During the first half of the year this development process first led to Kutichiy and then to Teyacanani, two trading tactics which where developed based on an extensive analysis and understanding of the EUR/USD which – in the case of Teyacanani – was extrapolated to other currency pairs with good success. Perhaps one of the most important lesson I drew from the development of these systems was that it is absolutely vital to know your system in a trade-by-trade basis and to understand the possible effect that some modification may have on its long term statistical characteristics. For example through 2010 many people suggested the use of “trailing stops” or similar tactics for these strategies without realizing that the long term statistical characteristics are damaged by attempting to “minimize giving back” in this way. Through my understanding of the trading of these strategies I was able to discard many options without having to actually implement them something which left me with a very deep knowledge about the strategies and the necessary ability to improve them further in the future if this becomes necessary.

After these two systems Asirikuy grew even bigger with the implementation of Ayotl, then Quimichi, Sapaq and Atinalla FE. Perhaps my biggest achievement with this second “system set” was my improvement as a programmer in general. I have to recognize that the first versions of Asirikuy systems (the ones released in 2009 and early 2010) where quite primitive in their coding nature without too much attention to technical detail and a general lack of adequate error handling practices.

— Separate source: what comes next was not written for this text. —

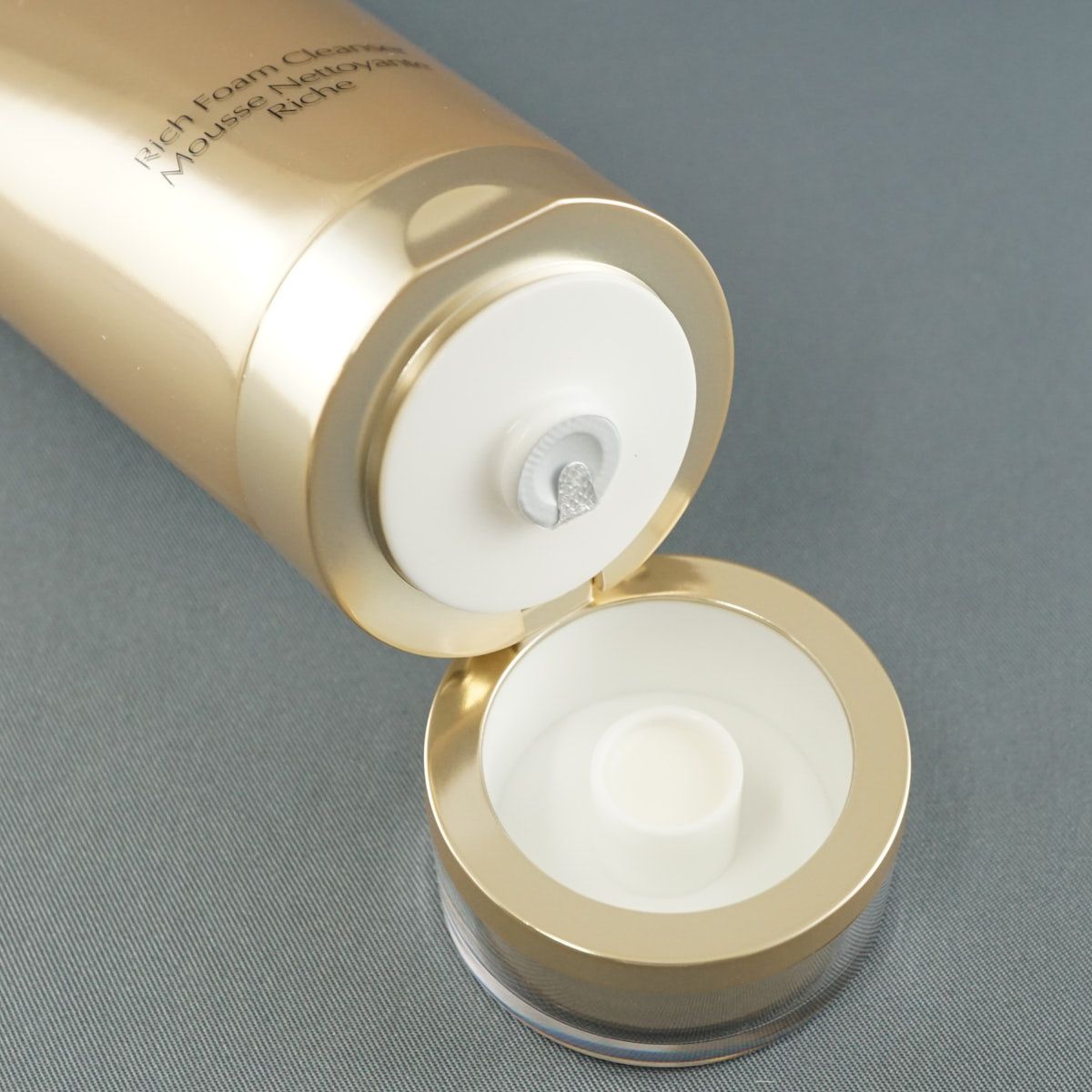 【未使用】【現品のみ】エスティローダー リニュートリィブ　クレンザー 洗顔料 新品未使用 エスティローダーリニュートリィブ フォーム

After the development of Teyacanani I realized that it was very important to have a professional coding framework in which to develop our systems, something that prompted me to recode all the systems into a single framework which was developed with the invaluable collaboration of a great programmer at Asirikuy.

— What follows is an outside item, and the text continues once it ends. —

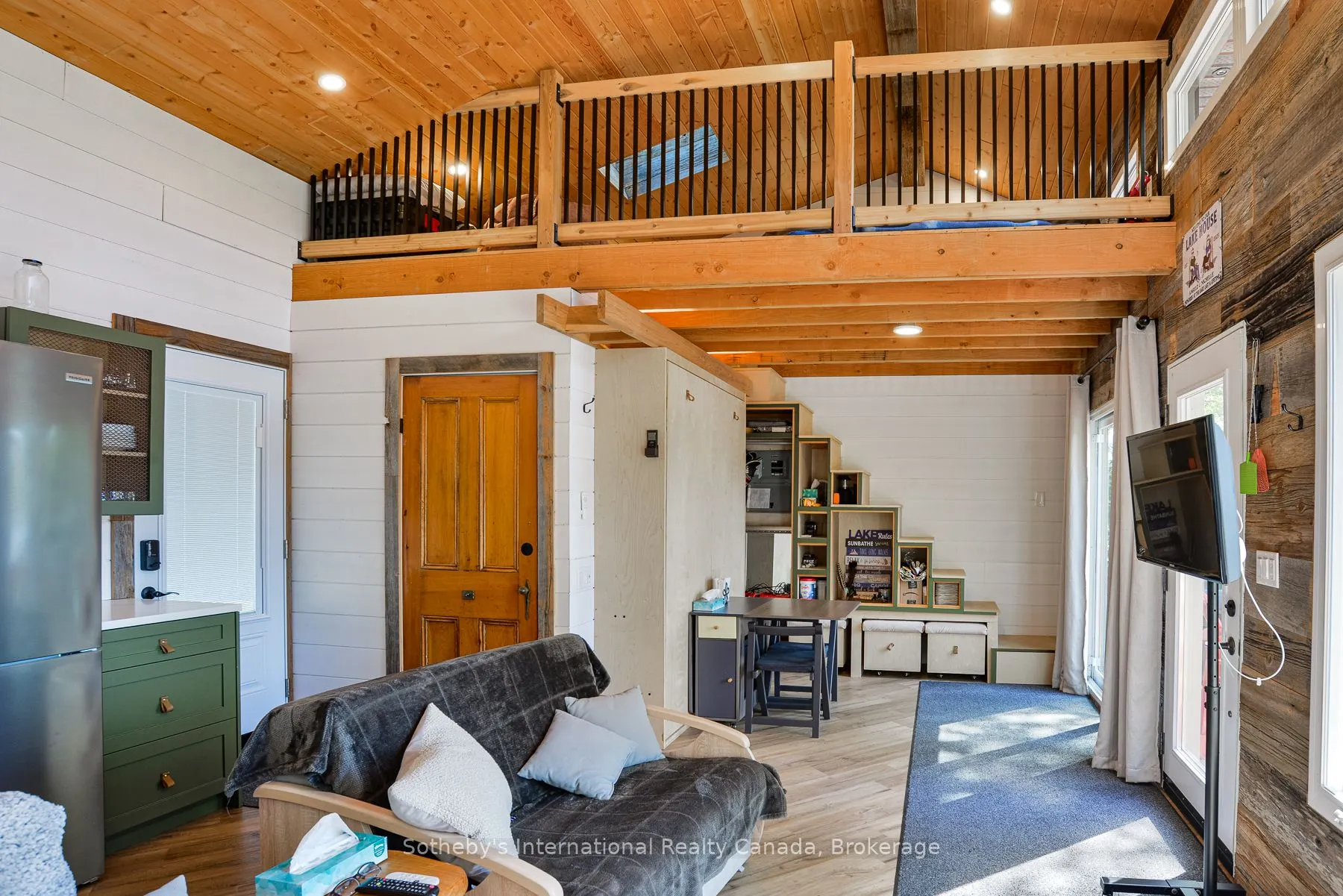 1211 Pluto Trail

Definitely this year taught me that having adequate programming is not only extremely beneficial from a functional perspective but it also allows communication between users about the systems to be much easier and debugging and updating becomes almost trivial. If you are developing trading systems then developing a professional framework in which to “house” your ideas is going to be an important part of your job towards trading success.

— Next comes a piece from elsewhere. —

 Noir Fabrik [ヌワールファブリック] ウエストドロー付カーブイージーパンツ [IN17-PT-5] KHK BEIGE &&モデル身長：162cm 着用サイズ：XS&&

Another great achievement which happened during the last 6 months of the year relates to my understanding of other currency pairs. I have to confess that beginning this year my knowledge was practically EUR/USD centered with a very little understanding of how other pairs function. After developing Atipaq – which tackles many different types of breakout inefficiencies – it became clear to me that pairs are different but nonetheless “bundled” in what appear to be trading symbol groups with different general characteristics. The later development of Quimichi and Sapaq further explored this idea, coming up with 11 year backtest successful systems which tackle “group” inefficiencies exploiting what certain groups of instruments have in common.

Certainly another great achievement in system development was related to the systematic evaluation of entry criteria and the introduction of the mathematical expectancy analysis of entries (also known as edge ratio analysis) during the second quarter of the year. With the development of the first Mathematical Expectancy Evaluation Tool within Asirikuy there was finally a systematic way to evaluate the potential of entries, a way to determine rational SL and TP levels for a system through a very rational approach. Using this tool many Asirikuy members where able to develop their own systems, contributing at least 5 to the Asirikuy forum for further development within the community. Although none of these systems has reached status as an “official Asirikuy system” it shows that adequate analysis and development are in fact possible within a community environment when an evidence-based approach is encountered.

My advice to people interested in system development – from what I learned this year -is therefore quite simple. Develop systems using a systematic approach in which reliable evaluation and sound trading tactics should play a vital role. Do not neglect the importance of accurate simulations and analysis since failure to do so – trading systems with false expectations – is only bound to bring failure. Always build your systems based on analysis and understanding and always be aware of their faults and the necessary procedures to simulate their results accurately. Use formal statistical criteria and never build a system based on an entry for which you haven’t determined a long term statistical edge.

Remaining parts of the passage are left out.